Is there a camera up and running?


----------



## wilsonm

hypox said:


> Is there a camera up and running?


The only camera is the one that we use to record fish passage to look at later in the year. We don't have a live connection anymore due to the cost.


----------



## wilsonm

We cleaned the ladders today. There were close to 50 steelhead in the upper wells which is a lot so the fish are there and moving. The bad part is the river is high. Very little angler pressure.


----------



## wilsonm

We checked and cleaned the fish ladders today. There were lots of steelhead at Berrien. There were about 50 or more in the upper wells of the ladder which is a lot at one time. A lot of fresh chromers mixed in and the sizes were impressive. About a half dozen shore fisherman and two boats below dam this morning. Even though fish are harder to see in the Buchanon and Niles ladders, there were decent numbers moving through as well.
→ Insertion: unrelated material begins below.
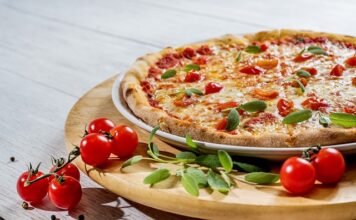 Czy Włosi jedzą brzegi pizzy? Czy Włosi jedzą brzegi pizzy?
These pics are when I started draining the ladder so they tend to congregate in front of the window before they go back down the ladder.


----------



## slowpaya

pretty pics mike,thanks.dont know if the upper grand will come down before they return.more rain thurs/fri.its blowin now


----------



## hypox

Looks like a good place to be


----------



## JasonSlayer

Anybody have any idea what all this rain will mean for the fishing this weekend? I was thinking I might try it but starting to think mid week instead.


----------



## graybeard

JasonSlayer said:


> Anybody have any idea what all this rain will mean for the fishing this weekend? I was thinking I might try it but starting to think mid week instead.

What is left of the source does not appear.